# Work to complete:
Give only the number of lines in the following entries where "shower" appears.

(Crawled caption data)
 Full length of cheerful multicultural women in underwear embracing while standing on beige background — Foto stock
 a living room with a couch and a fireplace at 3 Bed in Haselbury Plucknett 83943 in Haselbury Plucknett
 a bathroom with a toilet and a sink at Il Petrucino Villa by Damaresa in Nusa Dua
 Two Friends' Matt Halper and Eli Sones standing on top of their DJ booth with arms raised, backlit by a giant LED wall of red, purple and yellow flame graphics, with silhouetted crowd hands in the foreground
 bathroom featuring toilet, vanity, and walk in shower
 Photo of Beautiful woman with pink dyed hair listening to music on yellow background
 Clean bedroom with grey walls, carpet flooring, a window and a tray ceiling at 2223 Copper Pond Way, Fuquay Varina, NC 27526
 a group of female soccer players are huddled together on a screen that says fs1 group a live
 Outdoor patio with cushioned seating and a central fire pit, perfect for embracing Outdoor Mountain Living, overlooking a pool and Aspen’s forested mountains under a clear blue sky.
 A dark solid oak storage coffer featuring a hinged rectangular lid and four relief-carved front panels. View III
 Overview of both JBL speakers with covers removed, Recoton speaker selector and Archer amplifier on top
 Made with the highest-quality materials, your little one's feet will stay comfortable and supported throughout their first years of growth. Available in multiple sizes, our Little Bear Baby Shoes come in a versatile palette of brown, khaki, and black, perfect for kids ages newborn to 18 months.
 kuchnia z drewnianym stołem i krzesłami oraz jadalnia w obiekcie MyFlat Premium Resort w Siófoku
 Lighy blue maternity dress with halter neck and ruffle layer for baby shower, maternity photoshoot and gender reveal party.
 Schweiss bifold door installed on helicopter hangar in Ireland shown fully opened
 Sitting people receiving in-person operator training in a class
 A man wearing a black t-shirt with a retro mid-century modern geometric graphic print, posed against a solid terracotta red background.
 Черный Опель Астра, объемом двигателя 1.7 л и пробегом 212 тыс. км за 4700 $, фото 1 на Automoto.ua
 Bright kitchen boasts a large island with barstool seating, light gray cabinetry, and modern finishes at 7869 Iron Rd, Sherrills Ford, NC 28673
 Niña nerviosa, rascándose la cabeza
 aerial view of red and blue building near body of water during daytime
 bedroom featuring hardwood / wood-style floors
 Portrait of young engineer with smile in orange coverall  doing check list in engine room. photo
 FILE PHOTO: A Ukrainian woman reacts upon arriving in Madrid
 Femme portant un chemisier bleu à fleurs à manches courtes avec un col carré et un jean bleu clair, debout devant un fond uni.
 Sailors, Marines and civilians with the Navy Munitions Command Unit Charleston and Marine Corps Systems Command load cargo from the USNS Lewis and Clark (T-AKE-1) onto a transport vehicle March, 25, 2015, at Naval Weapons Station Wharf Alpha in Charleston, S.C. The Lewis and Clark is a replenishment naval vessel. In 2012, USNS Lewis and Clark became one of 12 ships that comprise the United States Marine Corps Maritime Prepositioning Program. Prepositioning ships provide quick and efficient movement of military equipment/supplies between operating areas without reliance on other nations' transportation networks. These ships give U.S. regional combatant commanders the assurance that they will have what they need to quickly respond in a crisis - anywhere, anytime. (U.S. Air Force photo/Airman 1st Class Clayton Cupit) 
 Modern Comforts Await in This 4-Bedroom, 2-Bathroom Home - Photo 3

# Task answer:
2